Rebecca Sabky, an undergraduate admissions counselor at an Ivy League School, reads over 2,000 college applications every year. She writes: “The applicants are always intellectually curious and talented. They climb mountains, head extracurricular clubs and develop new technologies. They’re the next generation’s leaders. Their accomplishments stack up quickly.” But she’s always on the lookout for one rare quality: kindness, as exemplified in this true story:
[A student from a large public school in New England] was clearly bright, as evidenced by his class rank and teachers’ praise. He had a supportive recommendation from his college counselor and an impressive list of extracurriculars. … But one letter of recommendation caught my eye. It was from a school custodian.
Letters of recommendation are typically written by people who the applicant thinks will impress a school. This letter was different. The custodian wrote that he was compelled to support this student’s candidacy because of his thoughtfulness. This young man was the only person in the school who knew the names of every member of the janitorial staff. He turned off lights in empty rooms, consistently thanked the hallway monitor each morning and tidied up after his peers even if nobody was watching. This student, the custodian wrote, had a refreshing respect for every person at the school, regardless of position, popularity or clout.
Over 15 years and 30,000 applications in my admissions career, I had never seen a recommendation from a school custodian.

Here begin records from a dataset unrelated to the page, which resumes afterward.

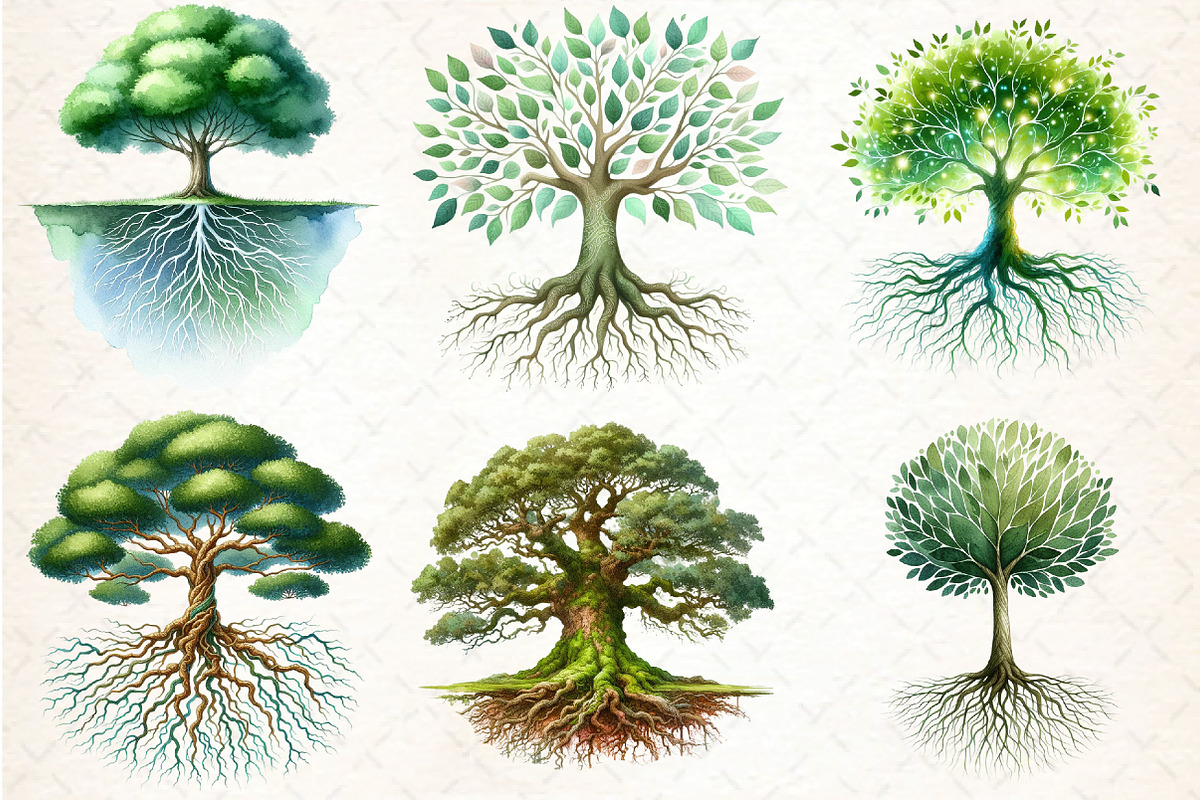Green Watercolor Tree With Roots Cli, an Illustration by DreamCafeArt (Photo 3 of 7)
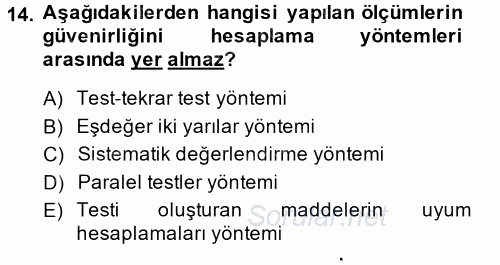 Ölçme Ve Değerlendirme 2014 - 2015 Ara Sınavı 14.Soru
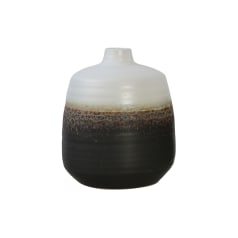 Lillian - Ombré Ceramic Vase with Reactive Glaze, Black and White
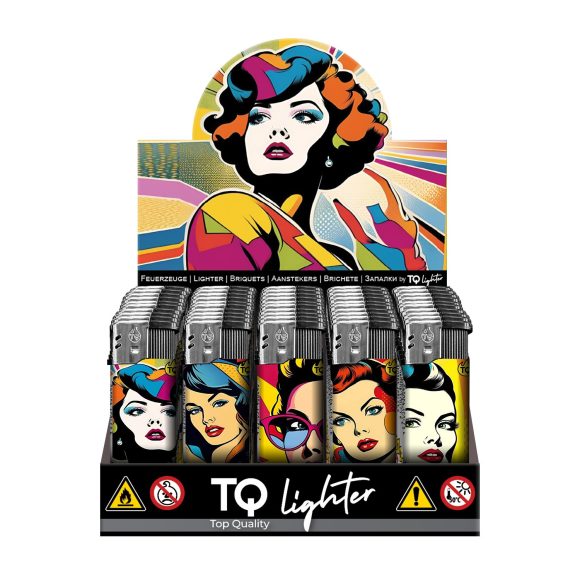 Elektronische aansteker hervulbaar – Design Pop Art Woman – Display 50 stuks
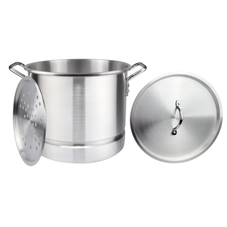6-Piece Aluminum Stock Pot Set with Lid and Steamer Insert product image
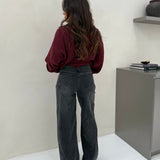 Wide Leg Grey Denim Jeans Studded Details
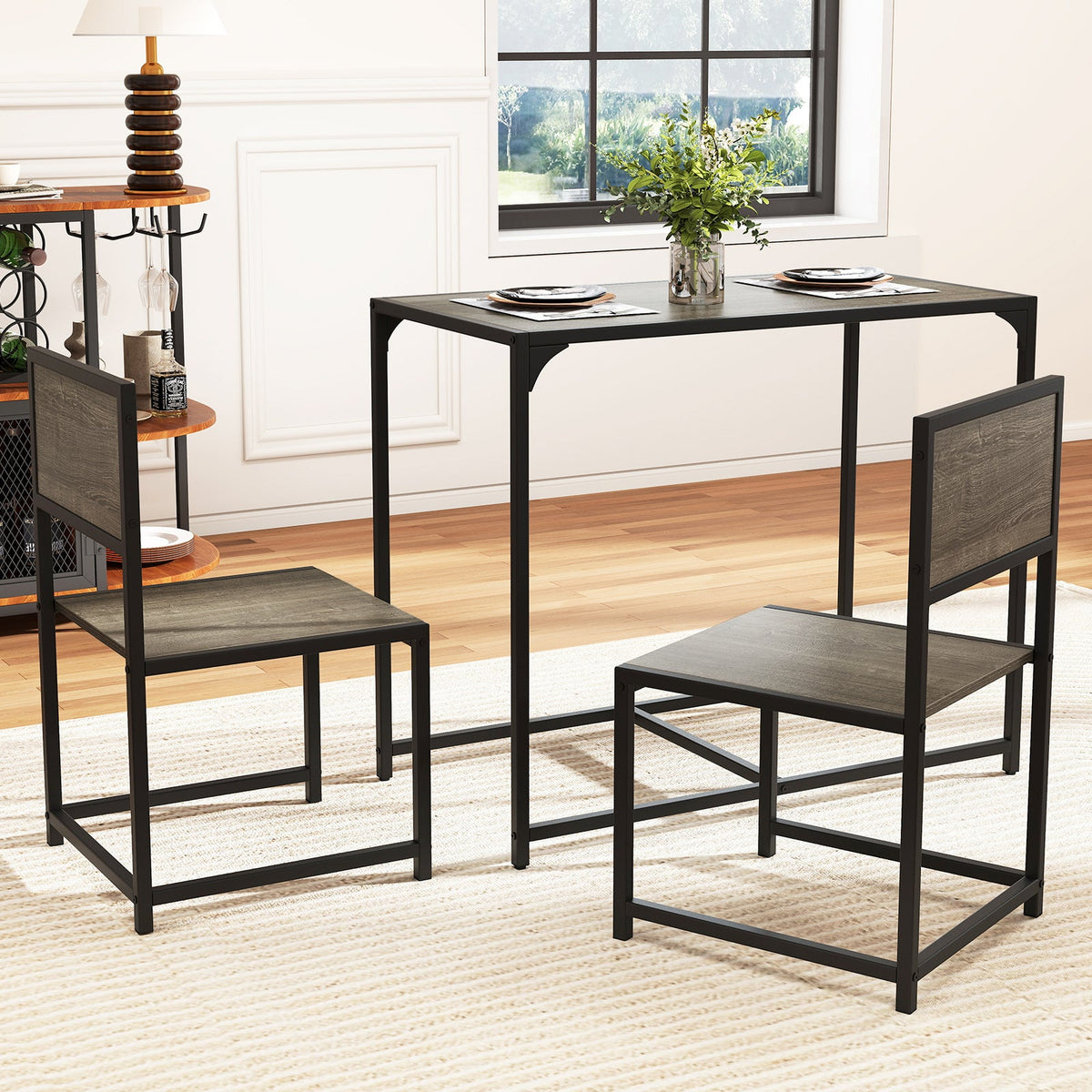 3 Pcs Dining Set Compact Table and 2 Chair with Metal Frame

It gave us a window onto a student’s life in the moments when nothing “counted.” That student was admitted by unanimous vote of the admissions committee.
As I read through this illustration it struck me what a bright future this young man must have had ahead of him. He was bright, intelligent and talented. However, the letter of recommendation from the janitor truly defined this young man. He was a servant. From cleaning up to turning off lights he truly had grasped the meaning of life.